As a ragtag crew out of step with their time(s), the Bandits bear a passing resemblance to the amateur pirates of “Our Flag Means Death,” the Max comedy Waititi executive produced and starred in. That show was canceled this year after just two seasons, making “Time Bandits” a decent placebo for grieving fans. But the series is also distinctly a family show, a space where Apple has carved out a presence with reboots of “Fraggle Rock” and, soon, “Yo Gabba Gabba.” Catering to kids falls well within the wheelhouse of both Clement and Waititi, who’s helmed coming-of-age projects like “Hunt for the Wilderpeople.” “Time Bandits” is light on big emotions, but it’s rife with the giddy, bumbling playfulness that marks the Clement-Waititi oeuvre (Penelope orders her comrades to escape by urging them to “employ the scurry”), anchored by the sweet sincerity of Kevin’s wonderment. A bottomless well of trivia, he’s finally found a practical use for the passion that otherwise bores his family to death.

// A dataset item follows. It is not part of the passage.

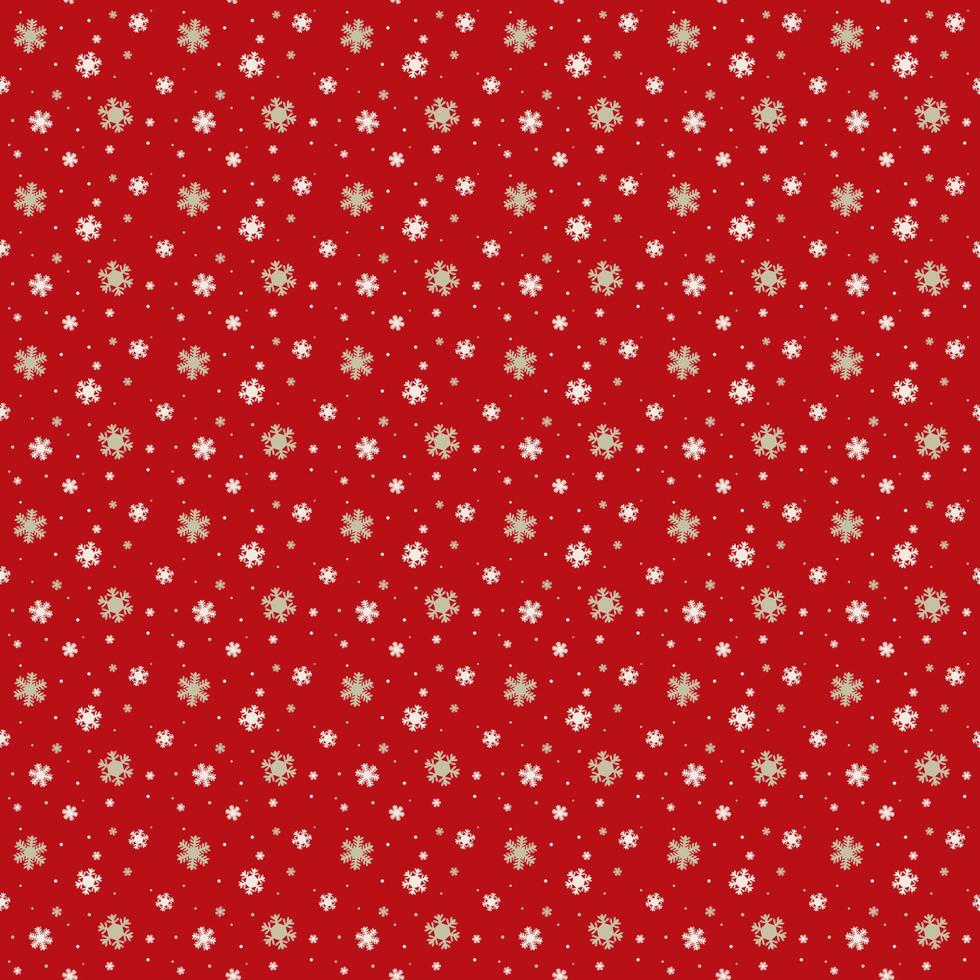 Christmas vector seamless patterns or textures set, white snowflake on red background, Digital paper seamless for background desktop, phone wallpaper, printable to fabric, wrapping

While Kevin is the protagonist of “Time Bandits,” Kudrow serves as the comic center of gravity. Penelope insists the Bandits are an egalitarian collective that makes decisions as a group, “because that’s the way I like it.” In truth, she’s arrogant, impetuous and naive, more like the child to Kevin’s adult than the reverse. Kudrow gets to combine the daffiness of Phoebe Buffay of “Friends” with the selfishness of Valerie Cherish of “The Comeback” — and in the process, ideally introduce her talents to a younger generation. “Time Bandits” may have a transportive setup and impressive imagery, but its greatest strength lies in simpler pleasures.